Data Science - Interview Questions

ADAM ALGORITHM : Adaptive Moment Estimation, shortly called ADAM, is a combination of Momentum and RMSProp. In the AdaGrad algorithm, the sum of gradients is squared, which only grows, and it is prolonged. RMSProp is nothing, but root mean square propagation which fixes the issue by considering a decay factor. In the Adam algorithm, when mathematically explained, two decay rates are used namely beta1 and beta2 where beta1 denotes the first momentum in which the sum of the gradient is considered and beta2 denotes the second momentum in which the sum of gradient squared is considered. Since the Momentum algorithm gives us a faster way and RMSProp provides the ability to gradient to restyle in different directions, the combination of the two works well. Thus, the Adam algorithm is considered the go-to choice of deep learning algorithms.

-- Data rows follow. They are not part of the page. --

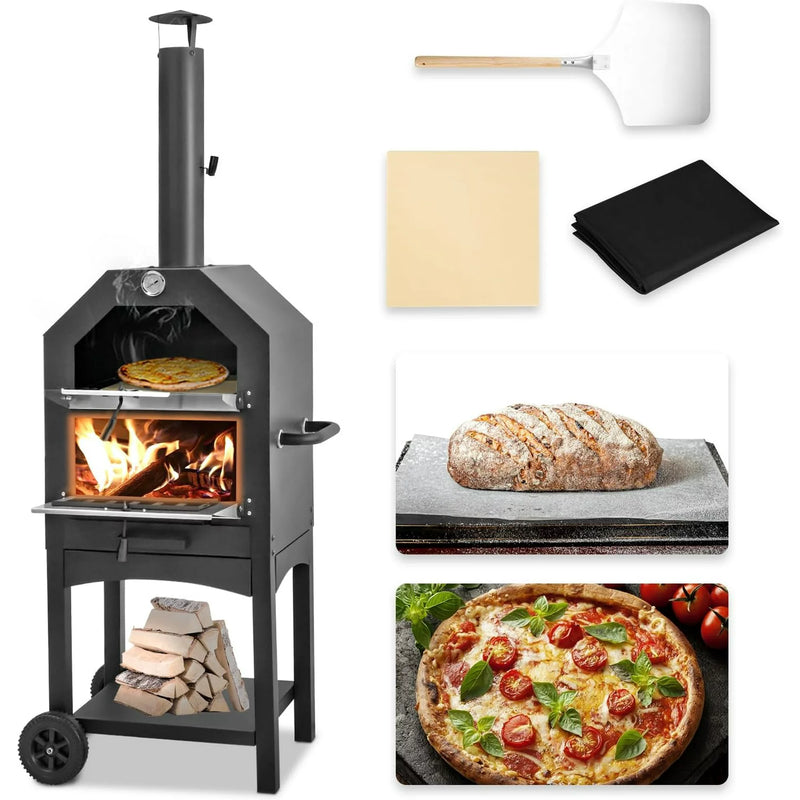 Outdoor Pizza Oven with Waterproof Cover,Black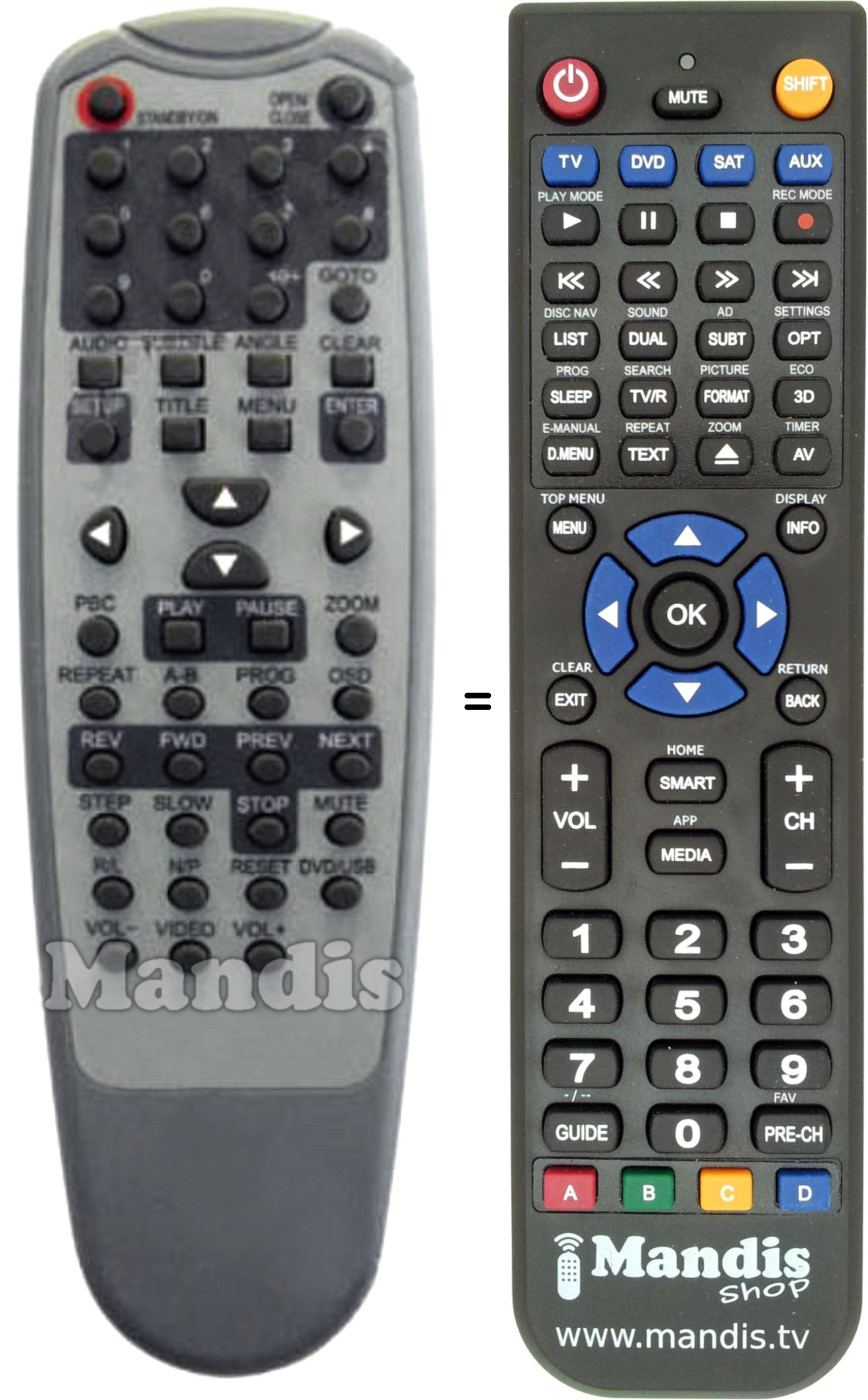 Replacement remote control Akai AKDV 334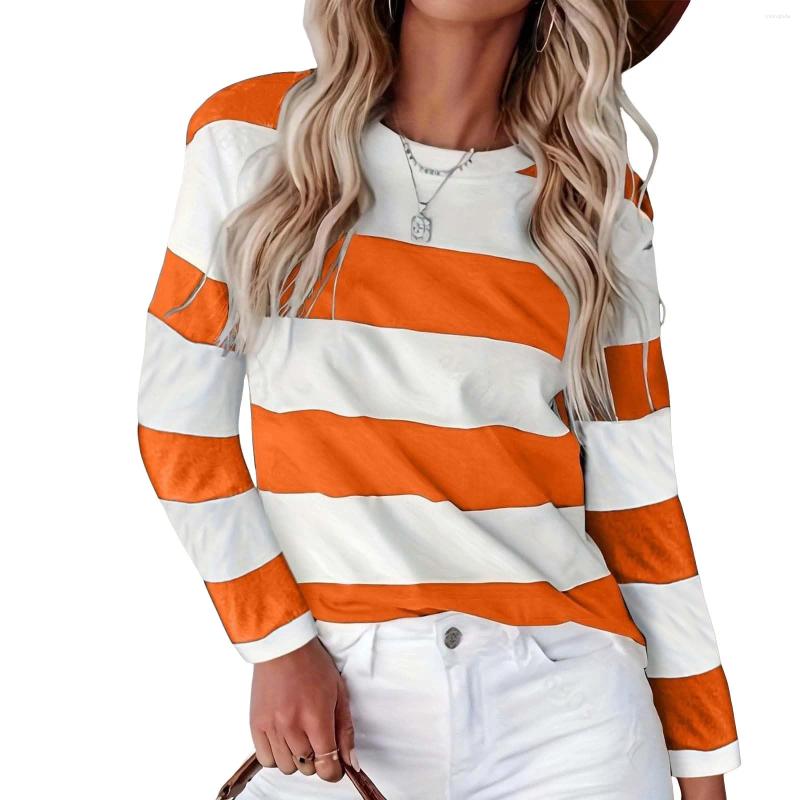 Womens T Shirts Women Striped Print Long Sleeve Blouse Autumn Round Neck Sweatshirt Casual Basic Tops Streetwear Pullover Shirt For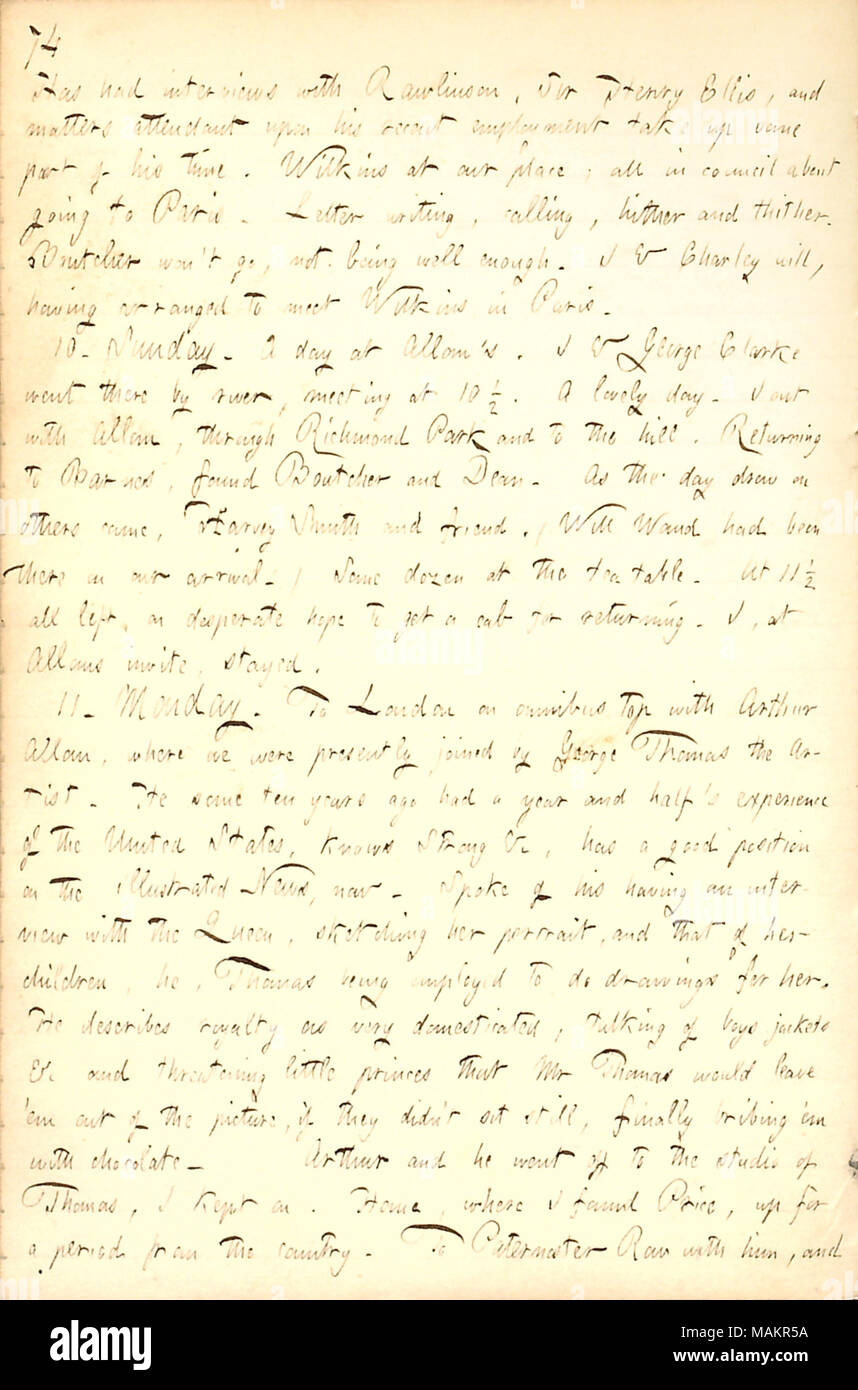 Regarding meeting the artist George Thomas and his tales about sketching the royal family.  Transcription: Has had interviews with Rawlinson, Sir Henry Ellis, and matters attendant upon his recent employment take up some part of his time. Wilkins at our place; all in council about going to Paris. Letter writing, calling, hither and thither. [William] Boutcher won't go, not being well enough. I & Charley [Gunn] will, having arranged to meet Wilkins in Paris. 10. Sunday. A day at [Thomas] Allom+?-?-?s. I & George Clarke went there by river, meeting at 10 1/2. A lovely day. I out with Allom, thro Stock Photo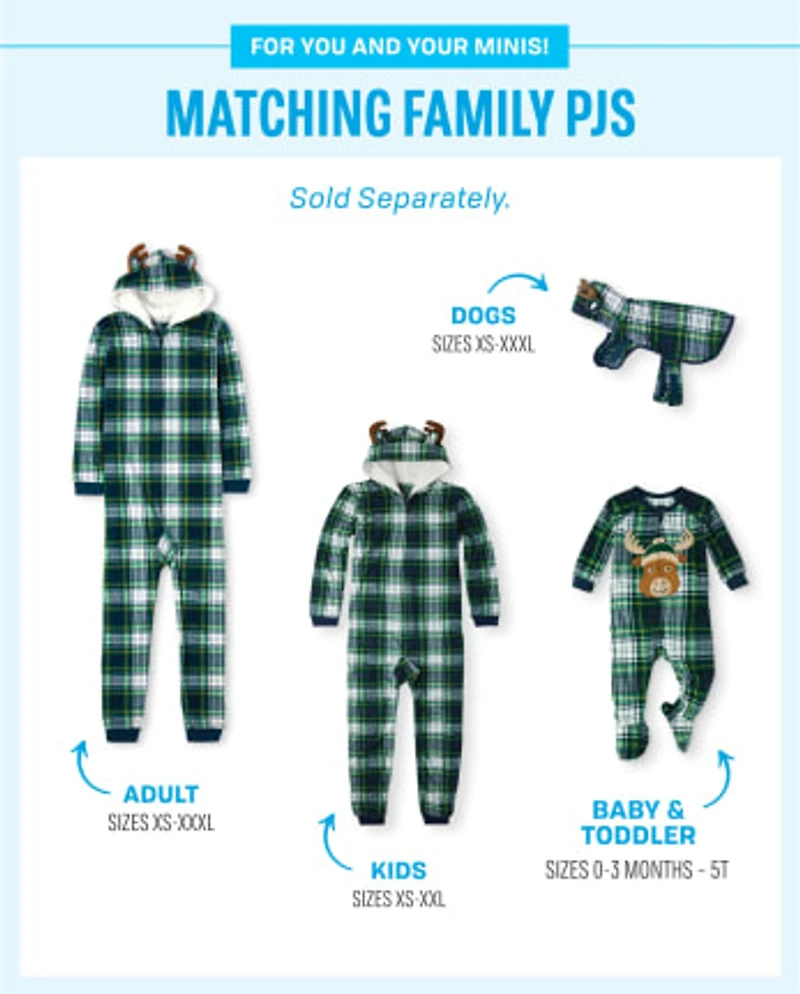 Baby And Toddler Matching Family Buffalo Plaid Moose Fleece Footed One Piece Pajamas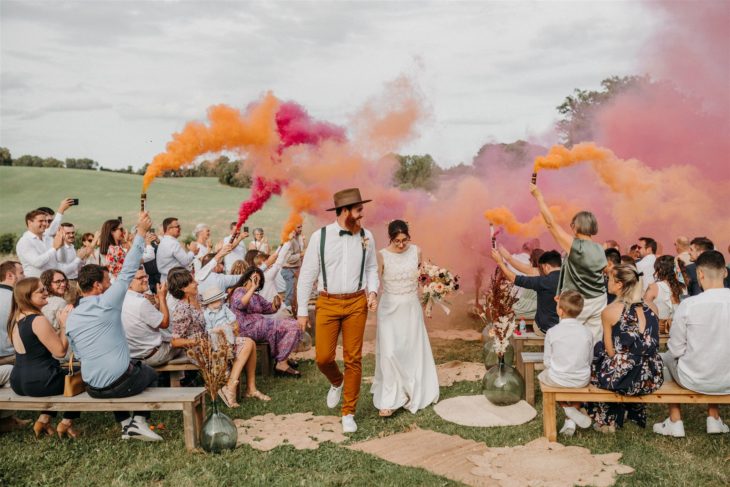 Mariage coloré Domaine de Ronsard Normandie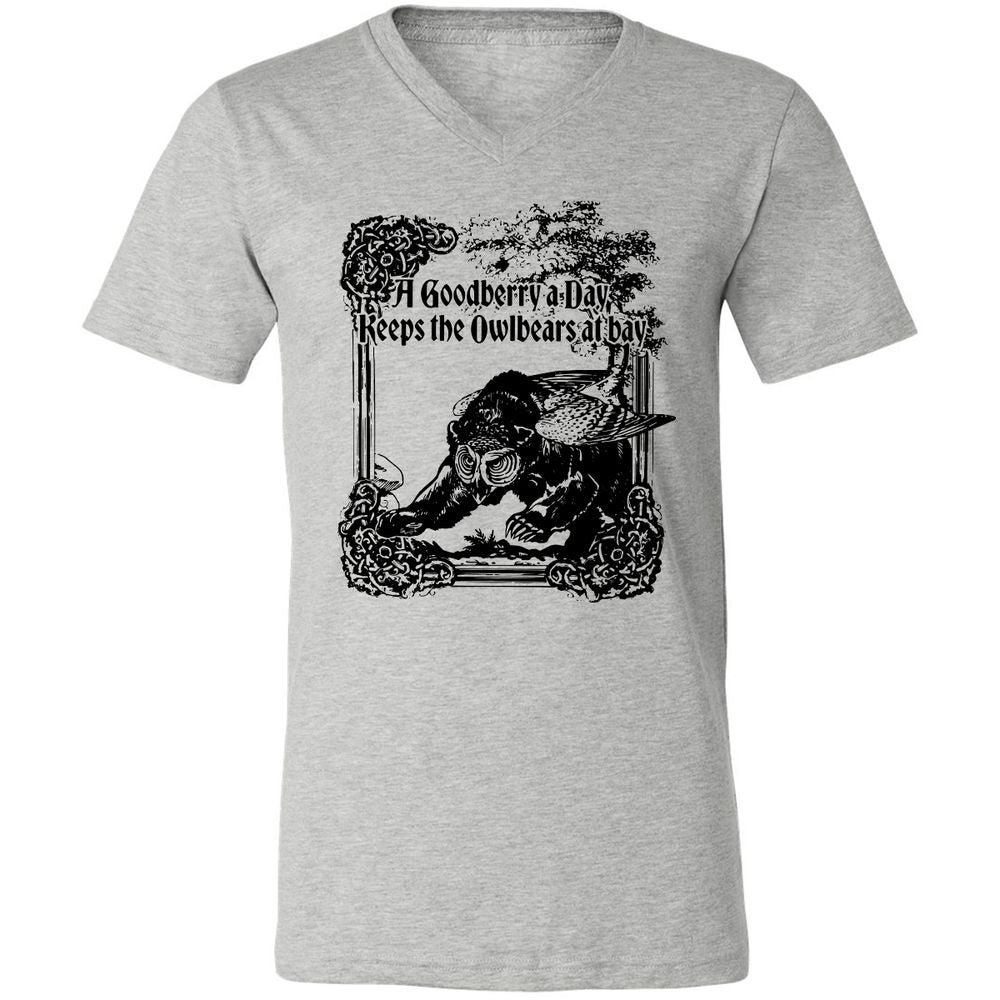 A Goodberry A Day Keeps The Owlbears At Bay Unisex V-Neck T-Shirt - Athletic Heather - 7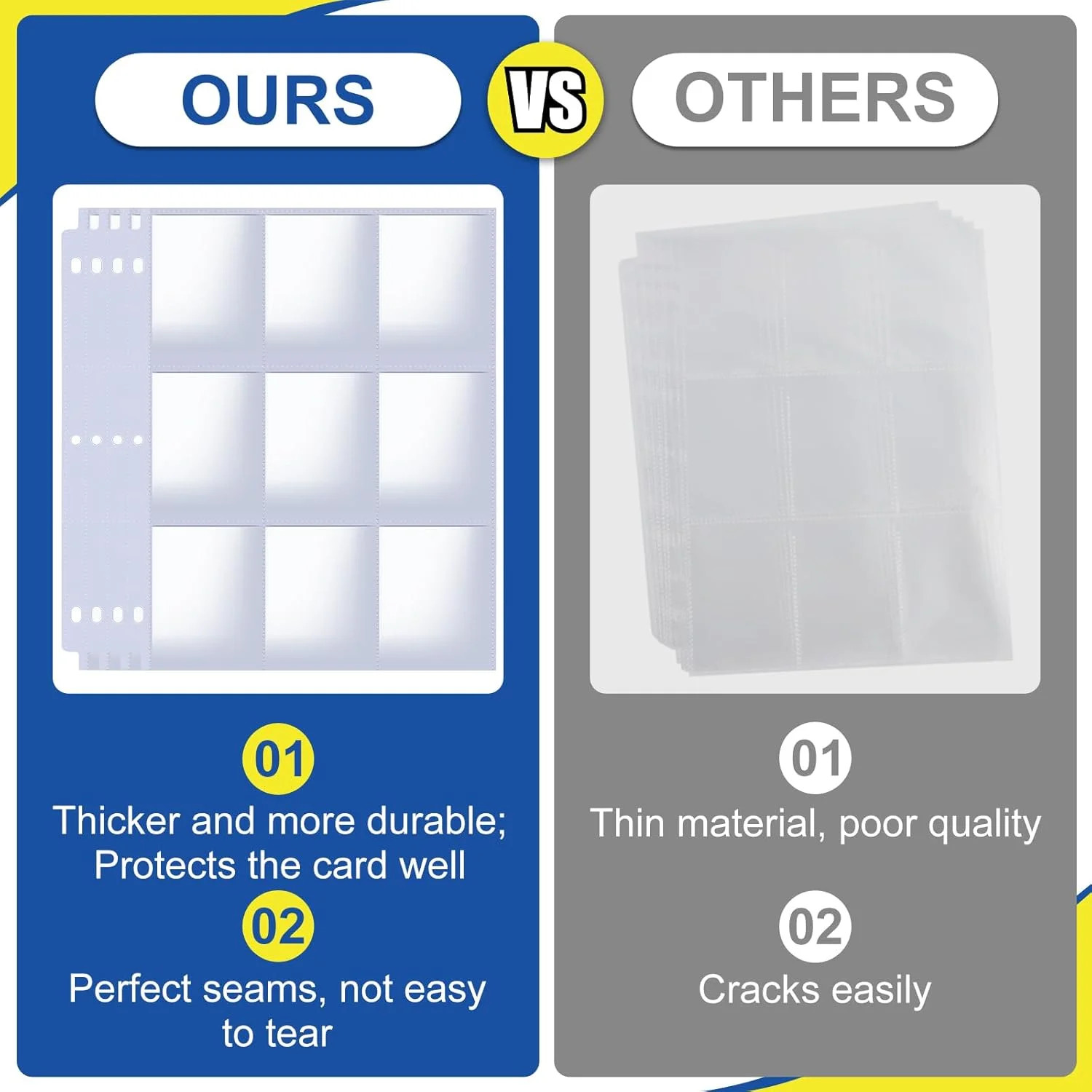 1080 Pockets Card Sleeves Binder Sheets, 9 Pocket 60 Pack, Clear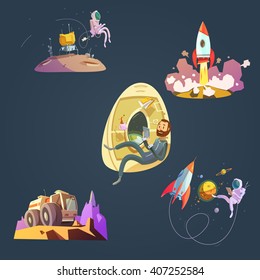 Space cartoon set with spaceship cosmonaut and planet isolated vector illustration 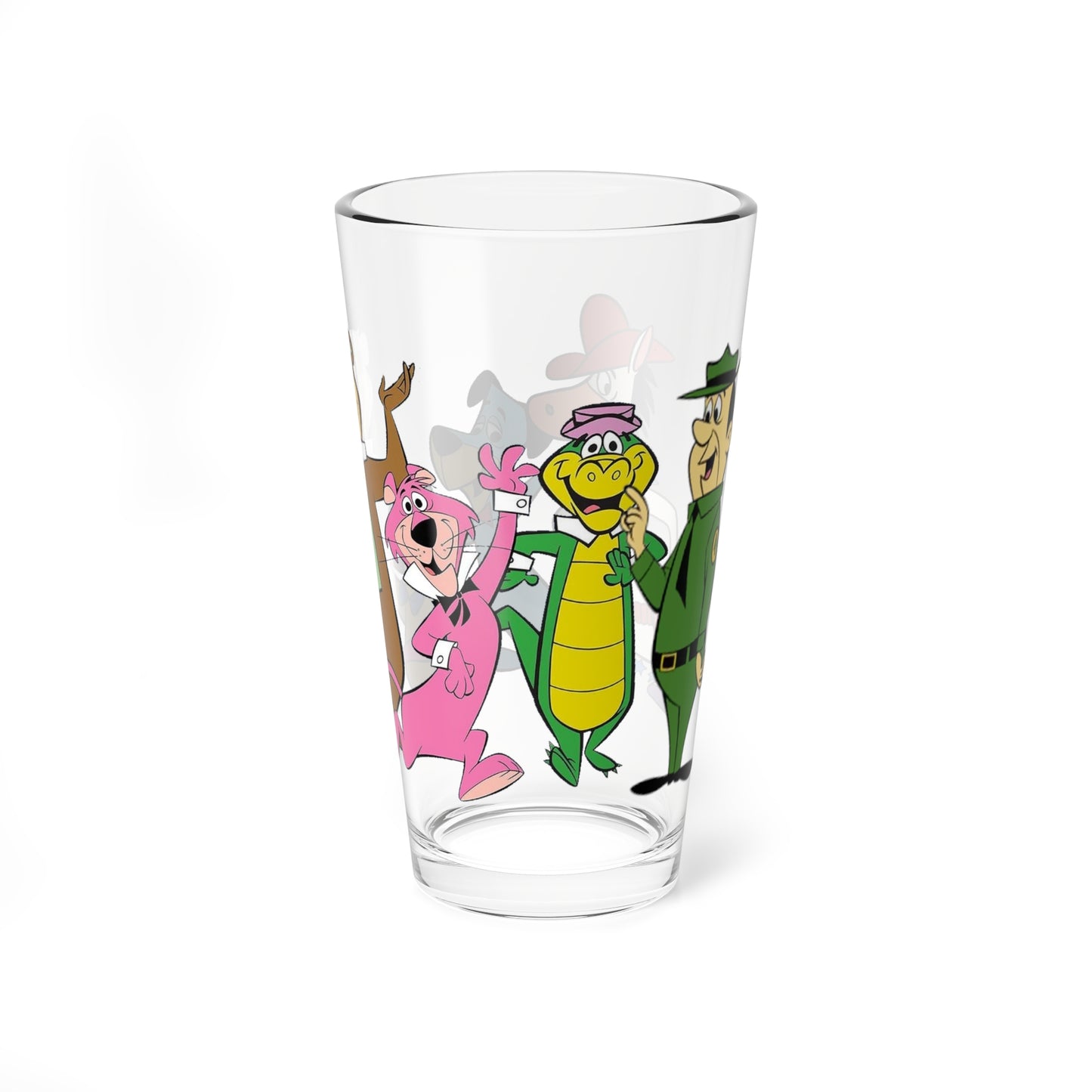 Yogi's Gang Pint Glass, 16oz - Wally Gator, Huckleberry Hound, Quick Draw McGraw, Snagglepuss - Hanna-Barbera Cartoon
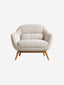 Curved ivory lounge chair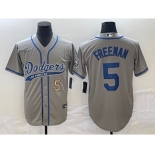 Men's Los Angeles Dodgers #5 Freddie Freeman Number Grey Cool Base Stitched Baseball Jersey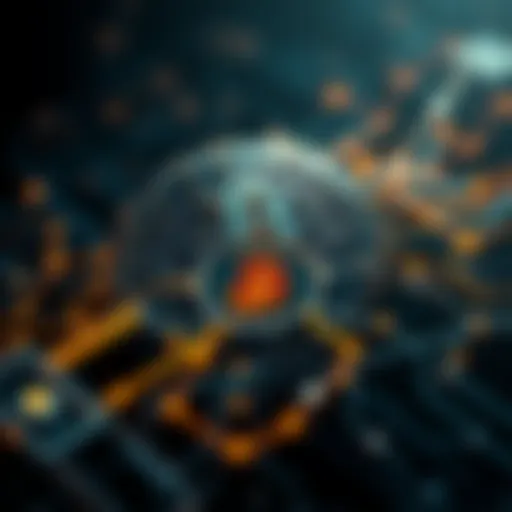 A visual representation of smart contracts on a blockchain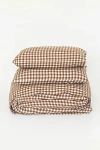 Magiclinen 3-piece Linen Duvet Cover Set In Cinnamon Gingham At Urban Outfitters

MOMENTUM ALGORITHM : Vanilla gradient descent with momentum is a method of accelerating the gradient descent to move faster towards the global minimum. Mathematically, a decay rate is multiplied to the previous sum of gradients and added with the present gradient to get a new sum of gradients. When the decay rate is assigned zero, it denotes a normal gradient descent. When the decay rate is set to 1, it oscillates like a ball in a frictionless bowl without any end. Hence decay rate is typically chosen around 0.8 to 0.9 to arrive at an end. The momentum algorithm gives us the advantage of escaping the local minima and getting into global minima.